THE DIFFERENCE The Lifecycle Stream

  • It consists of Five Certifications; wherein each certification is based on one Service Lifecycle phase i.e. Service Strategy, Service Design, Service Transition, Service Operation & Continual Service Improvement.
  • Lifecycle stream focuses on executing and implementing a complete stage of Service Lifecycle. Lifecycle lays emphasis on the phase, process relationships, roles, responsibilities and implementation considerations but it pays less attention to the processes.
  • Lifecycle modules are meant for those that are working “on” the processes and are responsible for ITSM implementation. If one’s role is more of strategic nature i.e., setting policies, managing the processes, and organizing for processes. The target audience for Lifecycle stream includes: CIOs, CTOs, Managers, Supervisory Staff, Team Leaders, Designers, Architects, Planners, IT Consultants, IT Audit Managers, IT Security Managers and ITSM trainers involved in the ongoing management, coordination and integration of operation activities within the Service Lifecycle.

The Capability Stream

  • It consists of Four Certifications, which are process oriented and provide a deep understanding of the V3 processes and functions, how they are applied and how they act together.
  • Capability stream focuses on improving & implementing existing related processes.
  • The syllabus is more prescriptive and covers a detailed view of the inputs, activities, concepts, metrics and outputs of each process.
  • Capability modules are meant for those that work “in” the processes and are responsible in carrying out the daily process activities. The target audience for Capability stream includes: Business Process Owners, Business Managers, and Operational Staff in Service Portfolio Management; Service Catalogue Management; Service Level Management; Demand Management; Supplier Management; Financial Management and Business Relationship Management.
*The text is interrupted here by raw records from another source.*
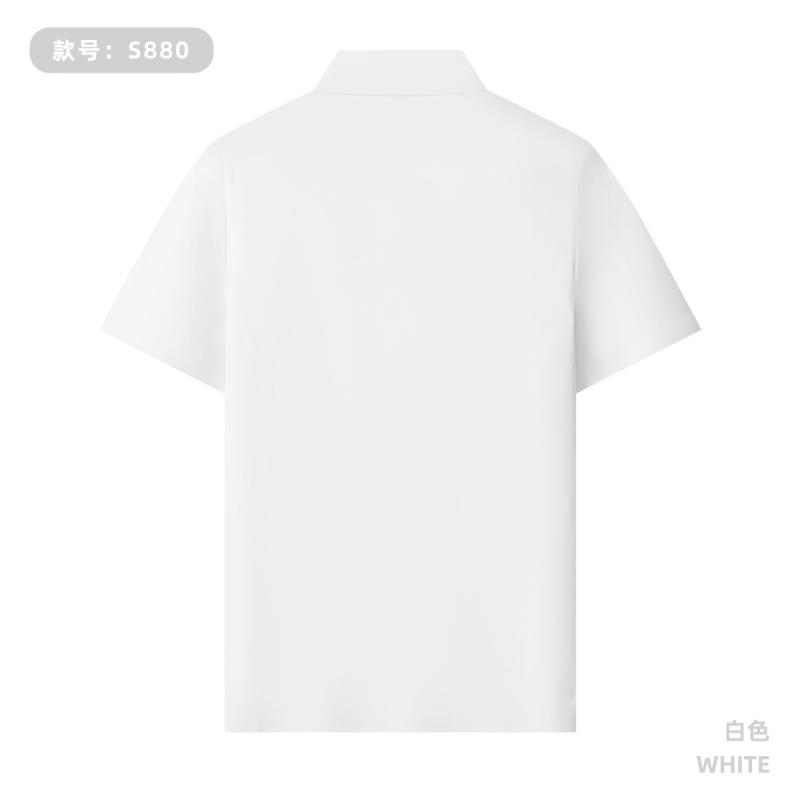 S880 190G 迪桑小皱 纯色无缝拉链款Polo衫 白色 Polo 衫定制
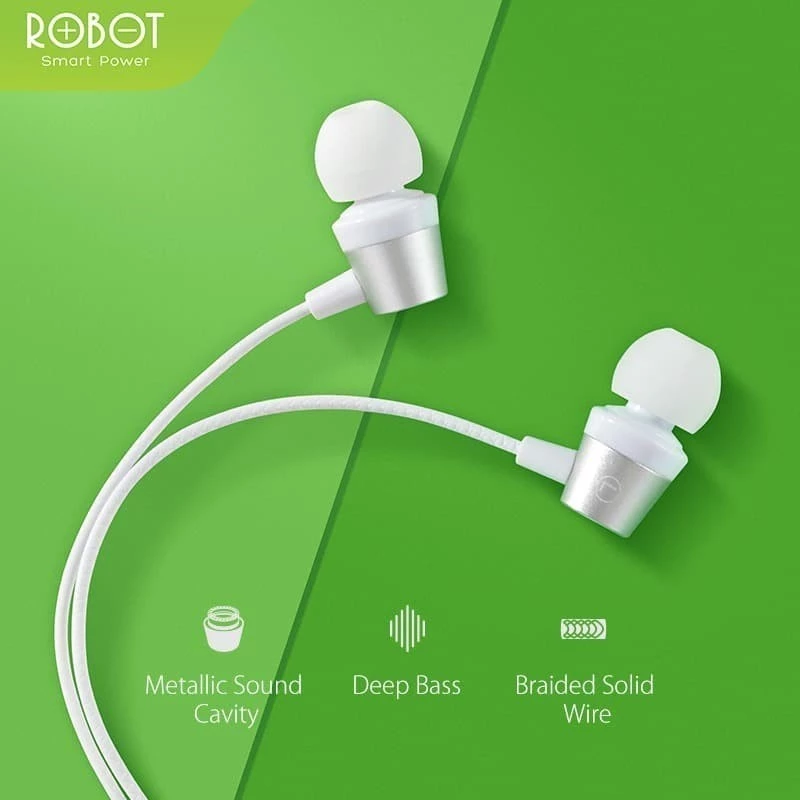 ROBOT RE101S Earphone Subwoofer Bass Metal / Handsfree - Gambar 2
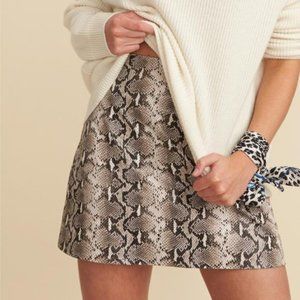 Snakeskin Leather Skirt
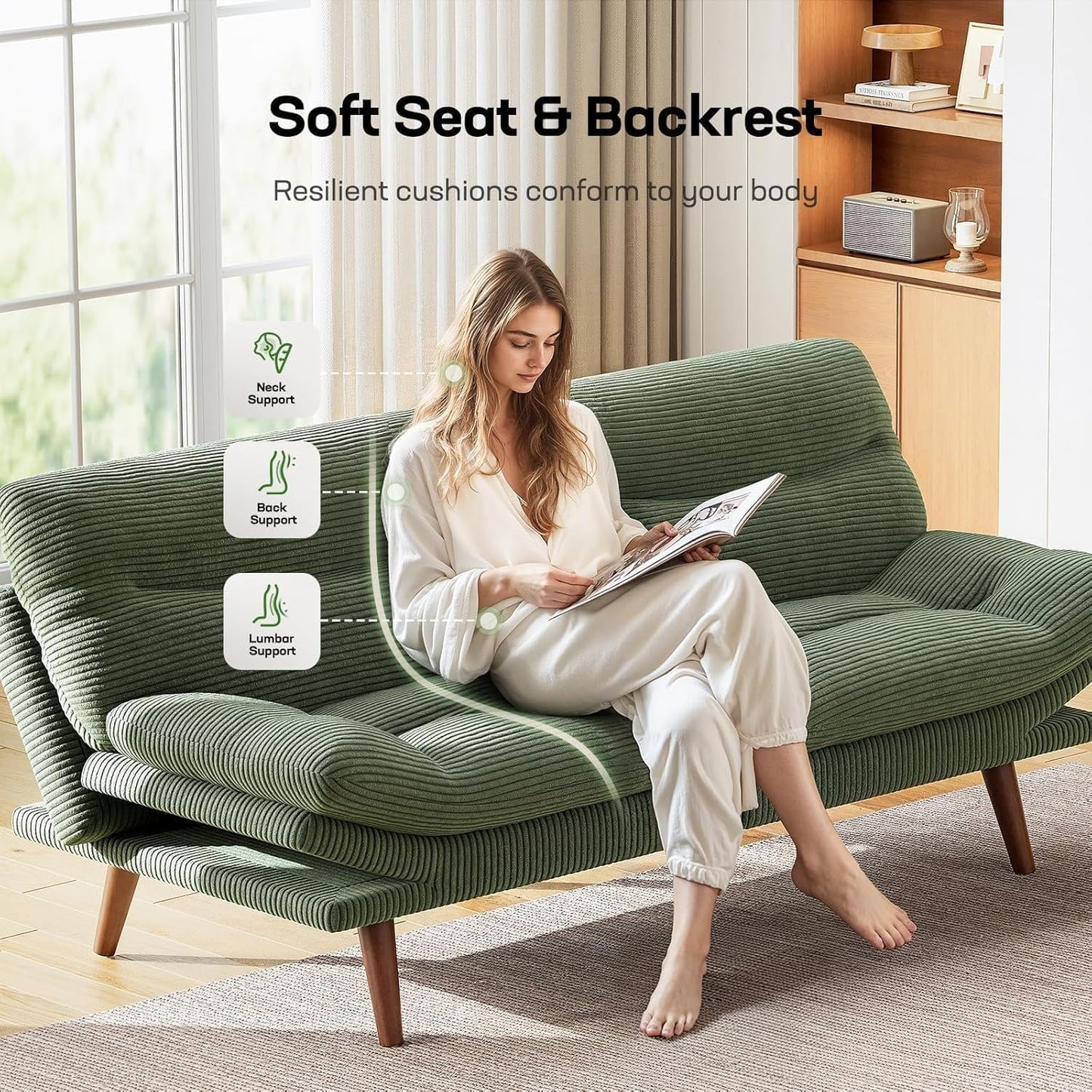 Futon Sofa Bed, Futon Sofa with Adjustable Back and Armrests, Converts to Small Sleeper Sofa Bed Corduroy Loveseat Green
The final module of Lifecycle & Capability stream is Managing Across the Lifecycle Certification (MALC) that leads to achieving ITIL® Expert. MALC looks at the dynamics of the Service Lifecycle with a strong emphasis on organizational change. One can pursue courses from both the streams and earn the required number of credits to pursue ITIL® Expert. So, the choice between Lifecycle and Capability courses depends on the knowledge that you require to manage your skills in order to enhance your current role, functions, responsibilities, activities and objectives, where you stand at the moment in your ITSM journey and what you are trying to achieve in the short term.